Del “Diario n°1”, de Jiddu
Krishnamurti.
Día 13-10-1961.-
El
cielo es claro, el pequeño bosque al otro lado del camino está lleno de luz y
sombras. Temprano en la mañana, antes de que el sol surgiera sobre la colina,
cuando el amanecer todavía estaba sobre la tierra y no había automóviles
subiendo por la ladera, la meditación era inagotable. El pensamiento siempre es
limitado, no puede ir muy lejos porque está arraigado en la memoria, y cuando
va lejos se torna meramente especulativo, imaginativo, carente de validez. El
pensamiento no puede encontrar lo que está más allá de sus propias fronteras de
tiempo; el pensamiento está atado al tiempo. El pensamiento desenredándose a sí
mismo, desembarazándose de la red de su propia hechura, no es el movimiento
total de la meditación. El pensamiento en conflicto consigo mismo no es meditación;
la meditación es el cese del pensamiento y el comienzo de lo nuevo. El sol
trazaba diseños sobre la pared, los automóviles venían remontando la colina y
pronto los obreros estarían silbando y cantando en la nueva construcción al
otro lado del camino.
El
cerebro no tiene descanso, es un instrumento asombrosamente sensible. Está
siempre recibiendo impresiones, interpretándolas, almacenándolas; jamás se
halla quieto, ni cuando está despierto ni cuando duerme. Su preocupación es la
supervivencia y la seguridad, las heredadas respuestas animales; sobre las
bases de éstas se construyen sus astutas invenciones internas y externas; sus
dioses, sus virtudes, sus moralidades son sus defensas; sus ambiciones, deseos,
compulsiones y adaptaciones son los instintos de supervivencia y seguridad.

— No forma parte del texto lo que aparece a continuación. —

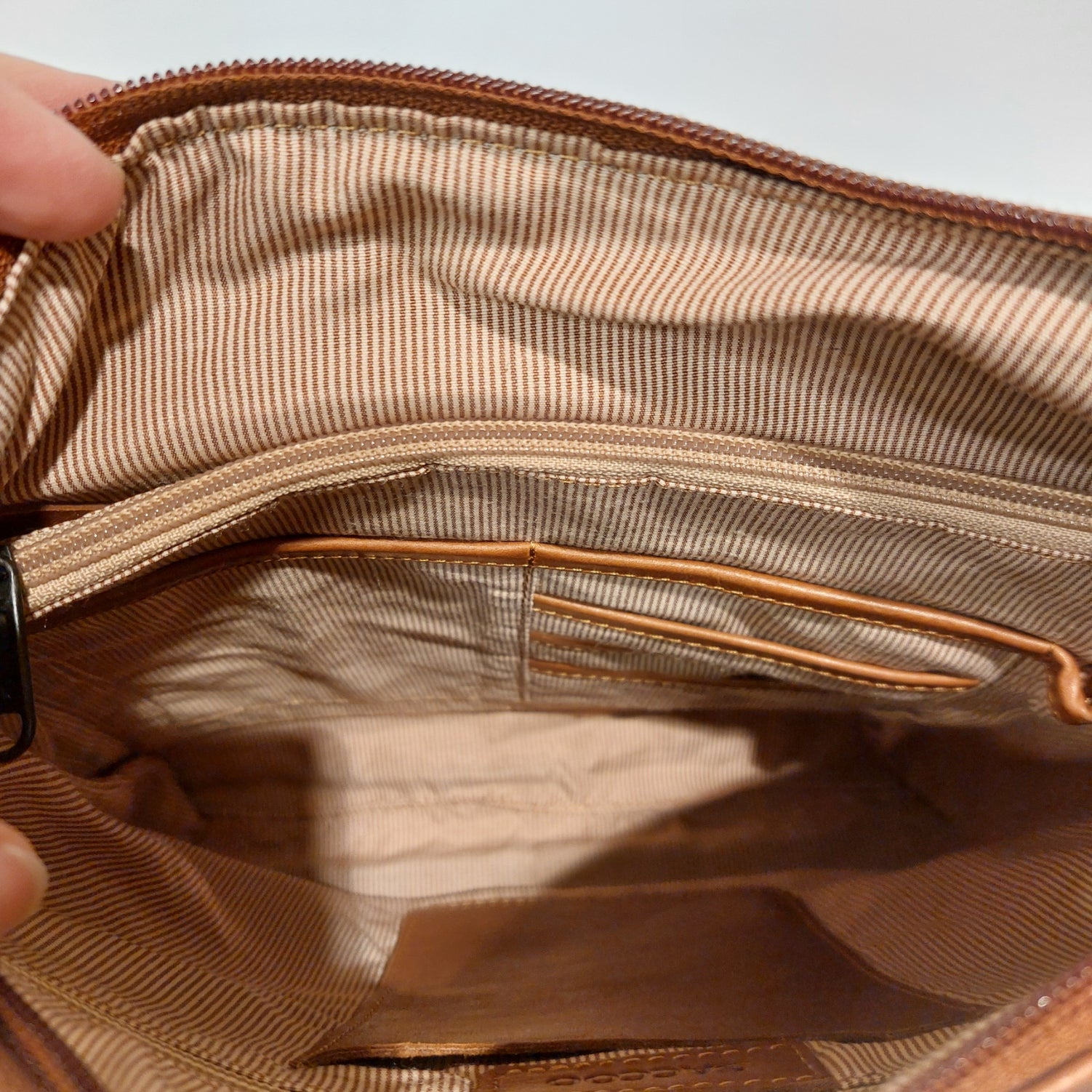 Handtas leder Saccoo Pista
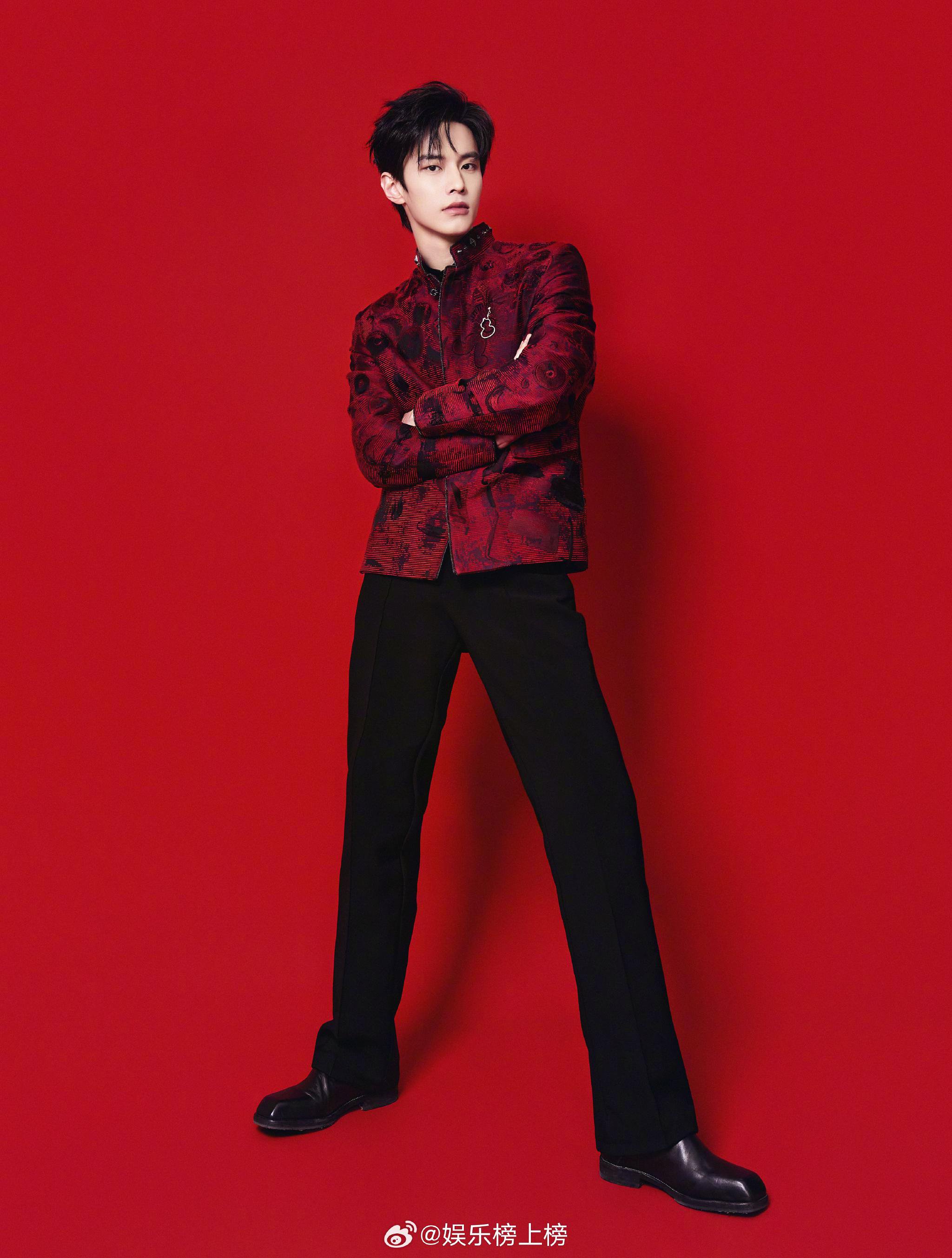 何与亮相总台欢欢喜喜过大年晚会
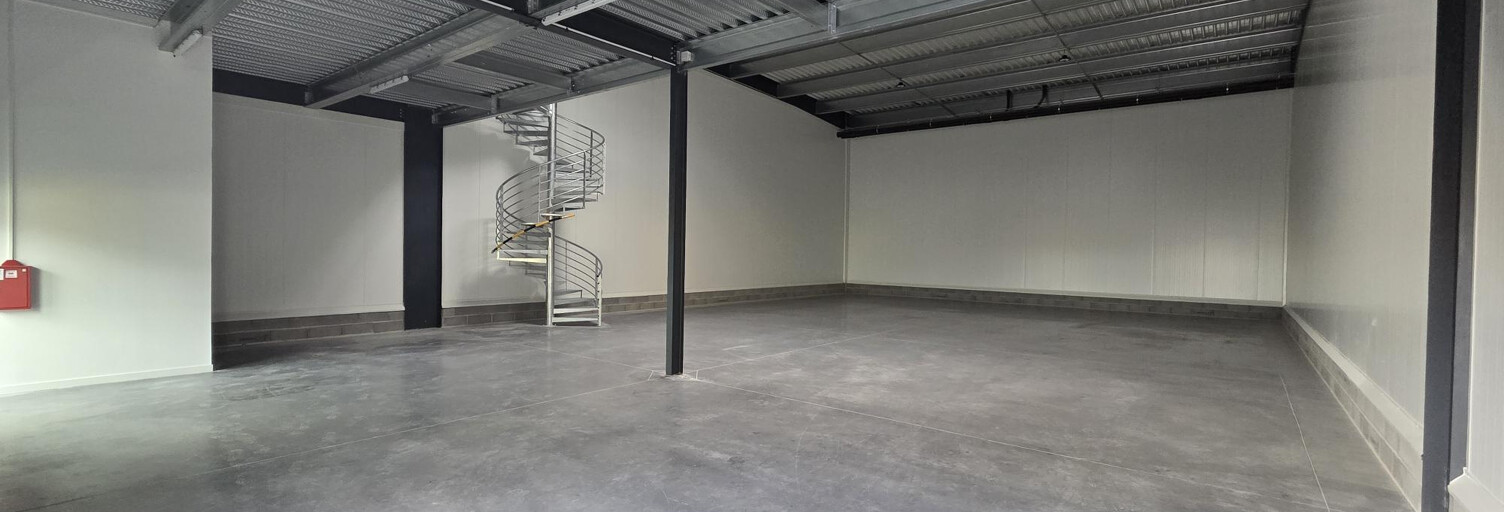 Commerce  334 m² à louer à Saint-Barthélemy-d'Anjou (49124)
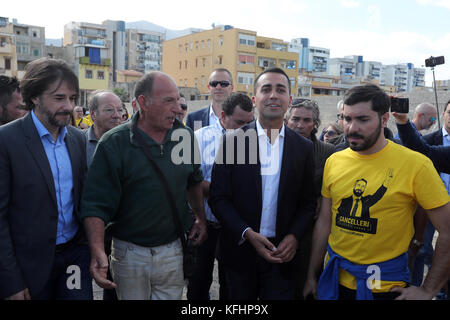 Palerme, Italie. 29 oct, 2017. Palerme, cinq étoiles mouvement régional élections. dans la photo Luigi Di Maio arrive dans le quartier du port de plaisance de la bandita.29/10/2017, Palerme, Italie : crédit photo indépendant srl/Alamy live news Banque D'Images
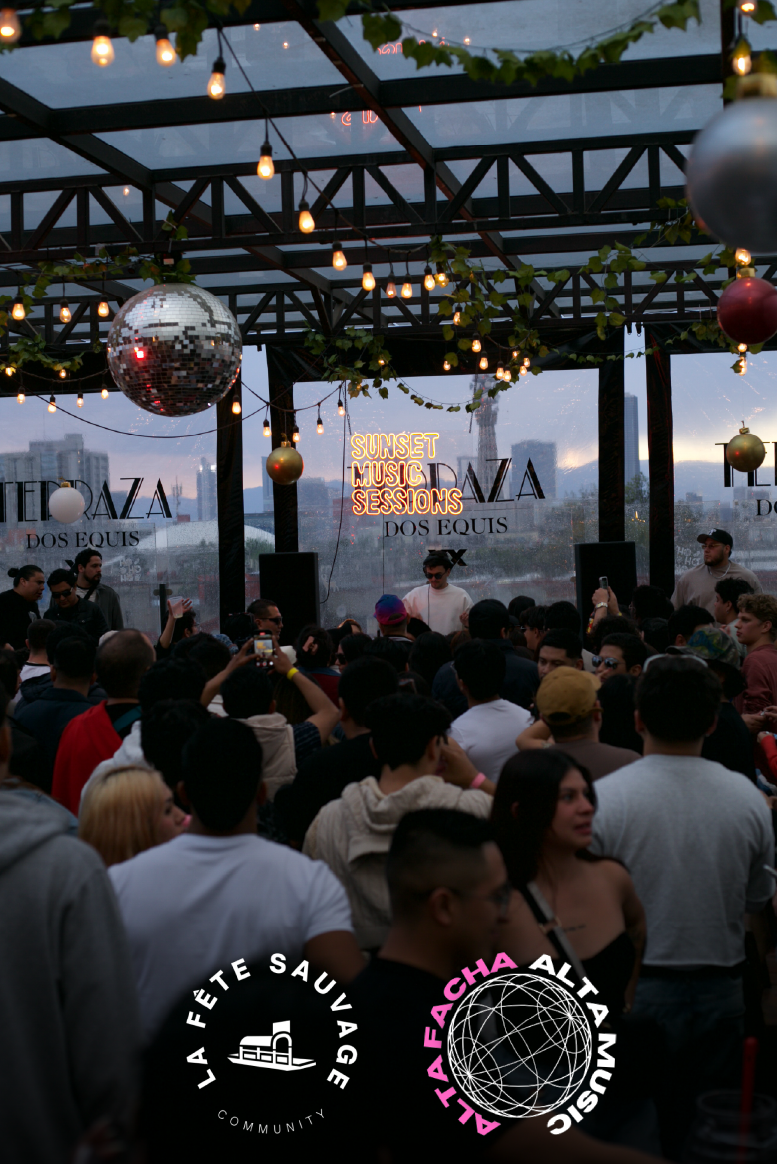 Nomad & local community gathered for an intimate house/tech DJ session with the best views in Mexico City.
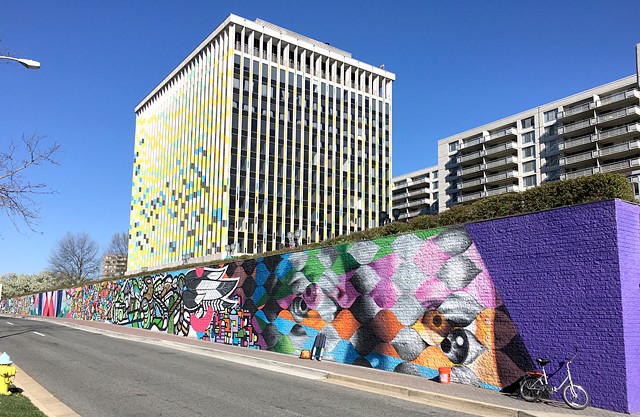 23rd Street Mural
in collaboration with MasPaz, Miss Chelove & Criomatic
Crystal City, Arlington, VA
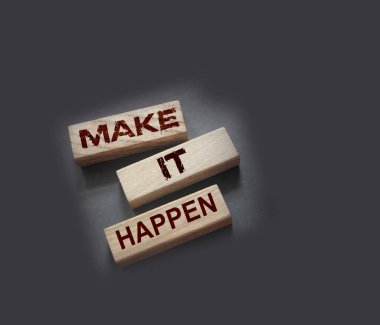 Tahta bloklara yazılmasını sağla. Motivasyon koçluğu kariyeri ve iş konsepti.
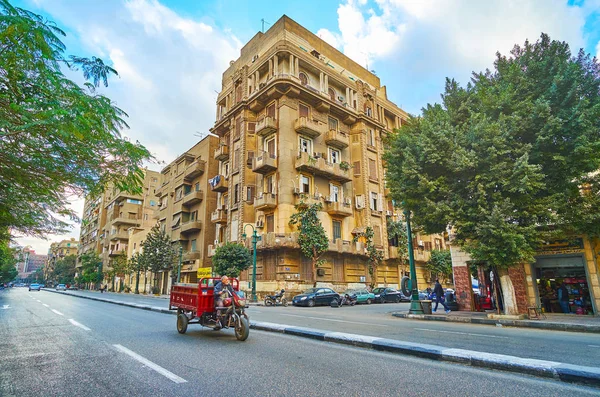 2017年12月24日 在市中心的一条空旷的道路上 与高大的生活建筑和商店 在12月24日在开罗 — 图库照片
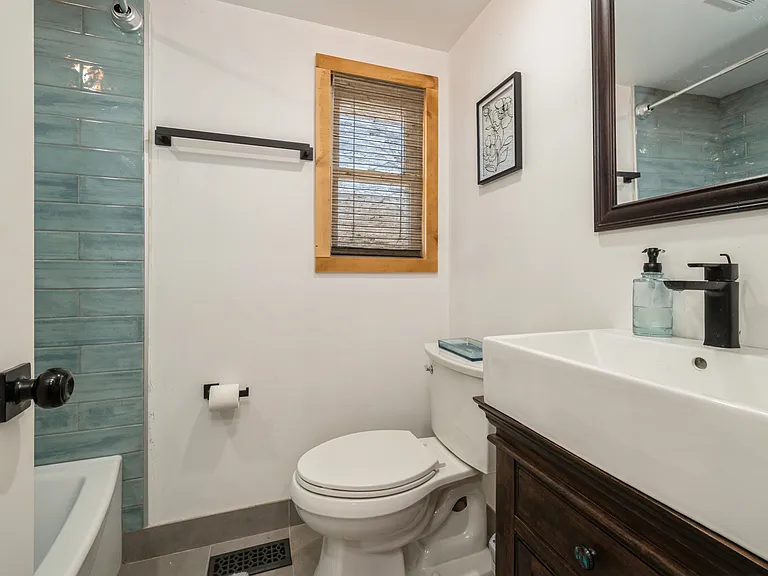 100 Poplar Ln — Photo 6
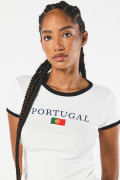 Camiseta college crema con manga corta y contrastes negros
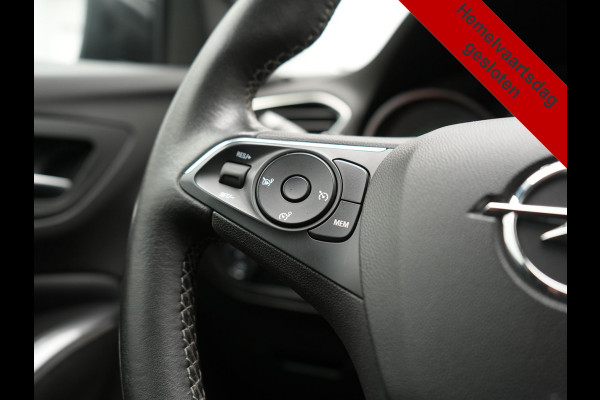 Opel Grandland X 1.6 Turbo 4x4 Ultimate PHEV 300pk Dealer O.H. | 360 Camera | Cruise Control | Lederen Sportstoelen Memory & Ventilatie | Stoelverwarming | Keyless | Blis | Led Koplampen | Apple Carplay | Park Assist | Navigatie | DAB | Plug In Hybrid |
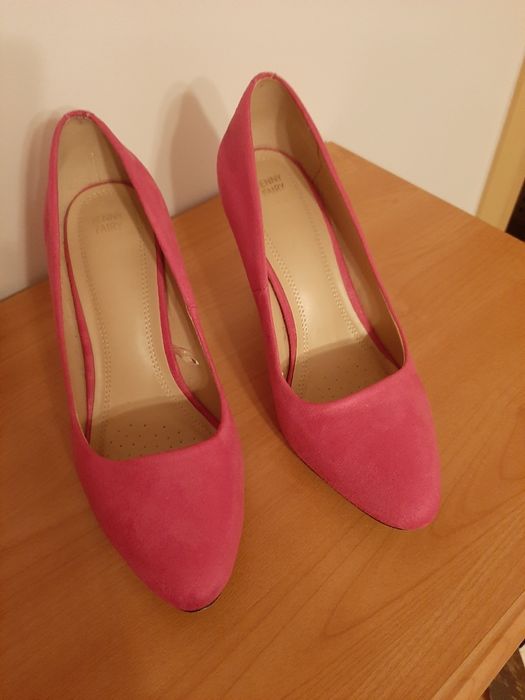 Szpilki piękna fuksja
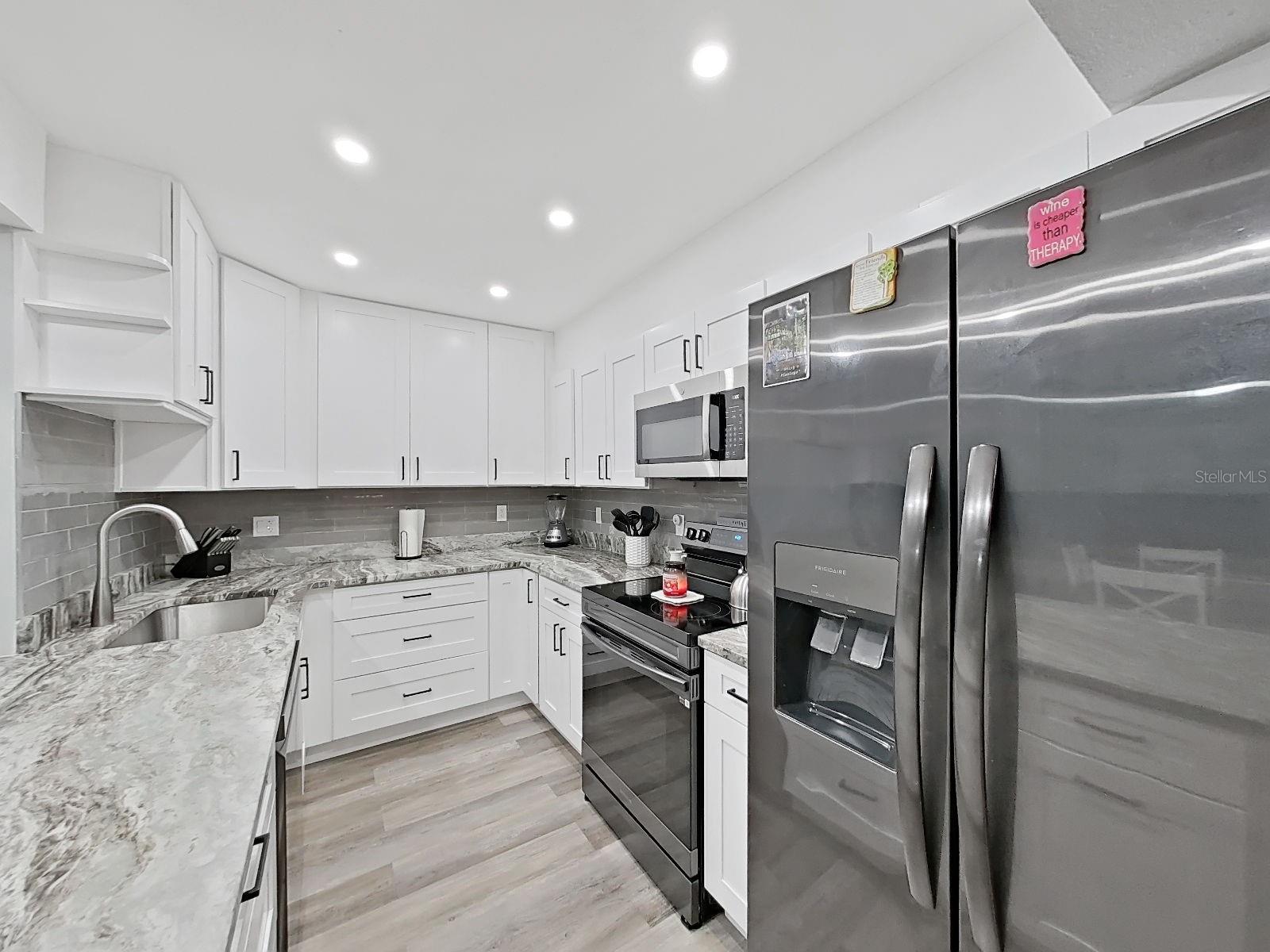 SUNSET HILLS 2ND ADD - Residential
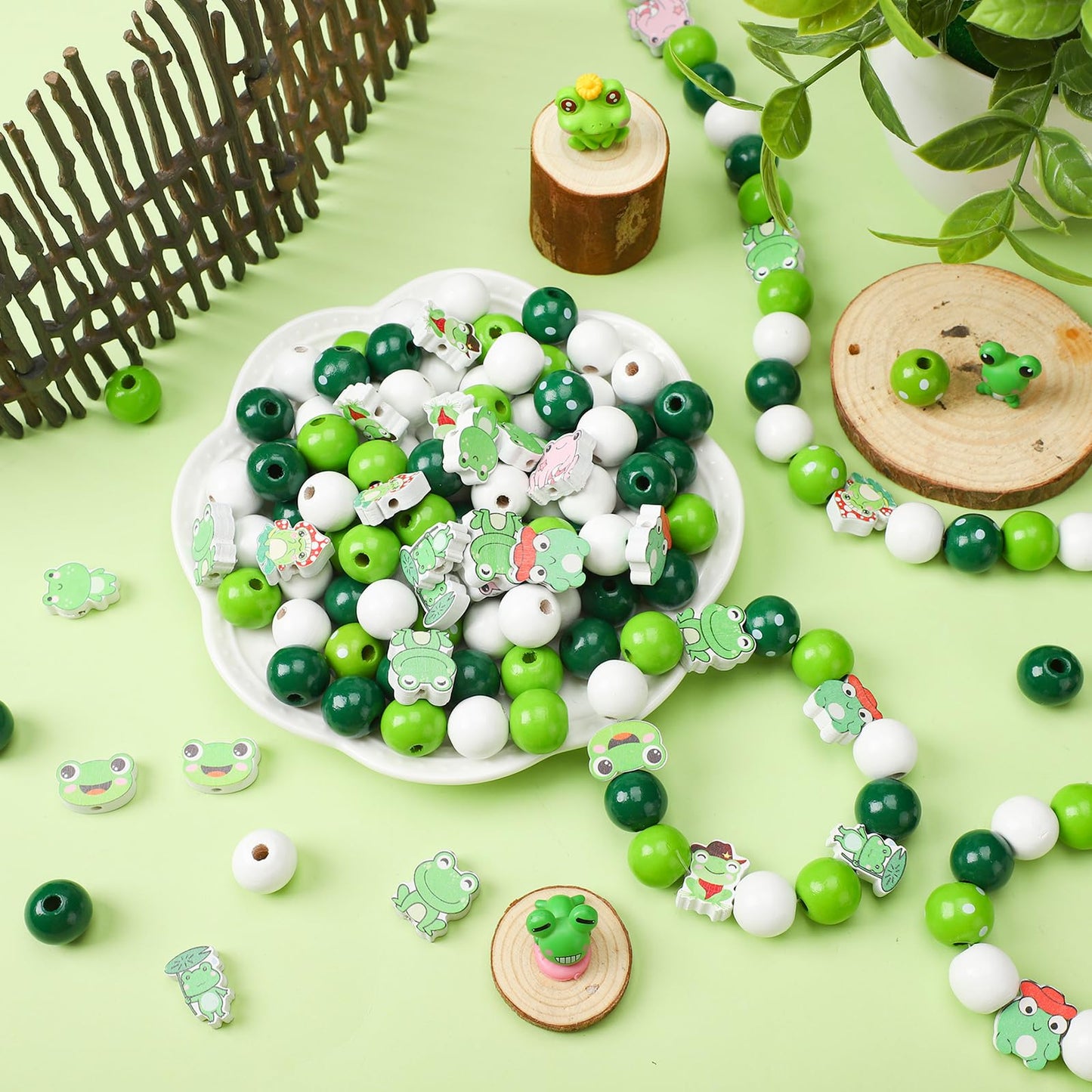 Ripeng 200 Pcs Summer Frog Wooden Beads Cute Animal Wood Beads Green Frog Shaped Bead for DIY Crafts Garlands Home Decorations Key Chains Macrame Crafts Bracelet Jewelry Making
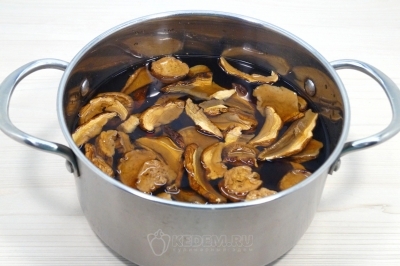 Переложить белые грибы с грибным настоем в кастрюлю. Добавить еще 1 литр воды. Варить на среднем огне 40-50 минут.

Siendo altamente sensible, el cerebro con su maquinaria del pensamiento
comienza a cultivar el tiempo, los ayeres, el hoy y los múltiples mañanas; esto
le brinda una oportunidad de postergación y realización; la postergación, el ideal
y la realización son su propia continuidad. Pero en esto siempre hay dolor; de
esto deriva el escape hacia la creencia, el dogma, la actividad y las múltiples
formas de entretenimiento, incluidos los rituales religiosos. Pero siempre está
la muerte con su temor; el pensamiento busca entonces bienestar y escape en
creencias racionales e irracionales, en esperanzas, en conclusiones. Las
palabras y las teorías se vuelven pasmosamente importantes, se vive en función de
ellas y se construye toda la estructura de la existencia sobre los sentimientos
que despiertan dichas palabras y conclusiones.
El
cerebro y su pensamiento funcionan en un nivel muy superficial, por muy
profundamente que el pensamiento pueda creer que ha viajado. Porque el
pensamiento, por mucho que haya experimentado, por hábil y erudito que sea, es
superficial. El cerebro y sus actividades constituyen un fragmento de la
totalidad de la vida; el fragmento se ha vuelto completamente importante para
sí mismo y para su relación con otros fragmentos. Esta fragmentación y las
contradicciones que engendra constituyen su misma existencia; el pensamiento no
puede comprender la totalidad, y cuando intenta formular la totalidad de la
vida, él únicamente puede pensar en términos de opuestos y reacciones que tan
sólo engendran conflicto, confusión y desdicha.
El
pensamiento jamás puede comprender o formular la totalidad de la vida. Sólo
cuando el cerebro y su pensamiento están completamente quietos, no dormidos ni
drogados por la disciplina, la compulsión o la hipnosis; sólo entonces, existe
la lúcida percepción de ‘lo total’. El cerebro, que es tan asombrosamente
sensible, puede permanecer inmóvil, inmóvil en su sensibilidad, amplia y
profundamente atento pero completamente quieto. Cuando el tiempo y su medida
cesan, sólo entonces existe lo total, lo incognoscible.